If I were given $1Million in research funding, the first thing I would do is…
I would collaborate with Warawara, the Department of Indigenous Studies, the Council of Elders, our new Director of Indigenous Strategy, and other colleagues within the University, to initiate a project that developed strategies to promote a stronger dialogue between Indigenous knowledge-holders and the academy. Just to give an example from my own experience in NE Arnhem Land: I work with a number of Yolngu (the people of NE Arnhem Land) intellectuals who are known as ‘Professors’ within the knowledge systems of their own communities. These Professors (and many other Yolngu ‘informants’) provide their knowledge to generations of linguists, geographers, anthropologists, and other academics like myself, who have become scholarly professionals based on the publication of this knowledge. Yet many of the Yolngu intellectuals who have engaged in these research projects continue to subsist on Community Development Employment Program (CDEP – ‘work for the dole’) funds. There are many other similar examples across the country.

This $1m project might investigate how to better acknowledge the contribution of Indigenous collaborators in current research projects being conducted by academic staff and Higher Degree Researchers (HDRs), and perhaps suggest some exemplary practices in the area. Could Indigenous collaborators working with HDRs be granted ‘Supervisory’ roles and stipends to acknowledge their contribution to scholarship? What are the possibilities of more extensive co-authorship, and how might Indigenous contributions be renumerated equitably? How might this serve to attract indigenous students and support their learning needs? What are the costs and benefits to universities in these arrangements?

I would expect that this research could suggest pathways for attracting Indigenous knowledge holders into the tertiary sector as Visiting or Adjunct Professors in ways that are meaningful to the Indigenous Professors themselves, to their communities, and to generations of thinkers – white and black – who would be exposed to a diverse range of ideas and expressions of Indigenous knowledge.

Ultimately, one would hope that engaging a diverse community of Indigenous knowledge holders within tertiary institutions could be transformative to national intellectual life. One could certainly imagine tangible benefits within Indigenous communities, and it is possible to see how such a scheme might encourage and support scholars, and citizens, to navigate and reflect on what differing knowledge systems, and ways of thinking, can bring to solving certain kinds of local and global problems.

In 10 years I see my research…
I see my research continuing to contribute to an ethical engagement, and to understanding, of people in a range of situations and communities. Certainly, I hope to continue my current trajectory of investigating ideas in which I am passionately invested and intrigued, and to communicate them in ways that are useful to both a broad international audience, and to scholars.

My biggest research mentor is/was…
My PhD supervisor Prof Kathryn Millard has been a great mentor, and a thoughtful and generous source of advice and encouragement throughout my academic career.

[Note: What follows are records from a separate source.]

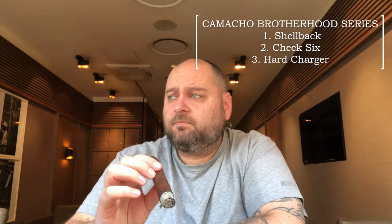The first one was the Camacho Shellback, then you had the Camacho Jack 6, and now you have the Camacho Hard Charger. I don't know if there are any other products planned, but we will see. The Brotherhood Series in general is meant to honor servicemen and the military. The Hard Charger is dedicated to the United States Marines. You can see the colors — white, red, and black — and the subtitle: 'leading the charge since 1962.'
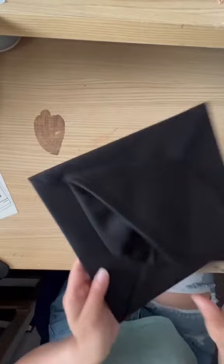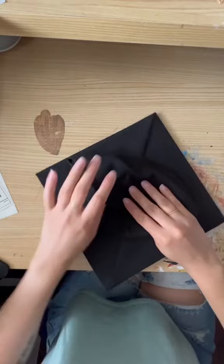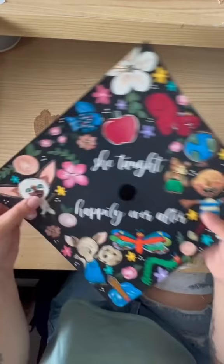Look inside your grad cap — it should have the front of the cap labeled; that's the part that goes over your forehead. Flip it over and match that corner to the top of your topper. Once you've peeled off the tape, place it over the buttonhole and it will fit perfectly in the middle.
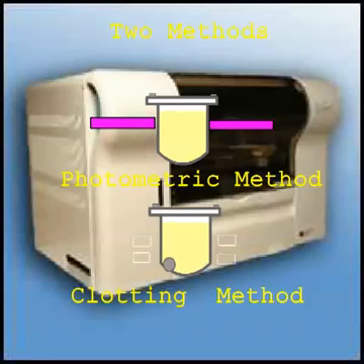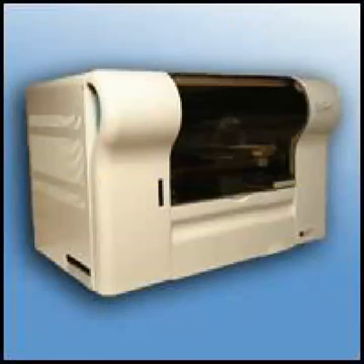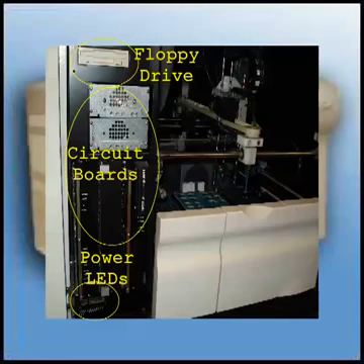Let's look at the front of the unit. The left door gives you access to the floppy drive, circuit boards, and the power supply LEDs. The LEDs show you that the unit power supply and fuses are okay and in working order. If the unit is on, all LEDs should be on.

I am also lucky that within MMCCS there is a strong and supportive collegial atmosphere. Additionally, it has been heartening to have a number of colleagues, and in particular the Arts Faculty Associate Dean of Research Professor Catriona Mackenzie, as champions of ‘creative practice’ research within the University. Their initiative and hard work has transformed the research environment in which many of us work.

My favourite and/or most proud research moment was…
My Yolngu colleagues Dhukal and Wuyal Wirrpanda opened our film Dhakiyarr vs the King at Federation Square in Melbourne by declaring that this was ‘the film that they had always wanted to make’.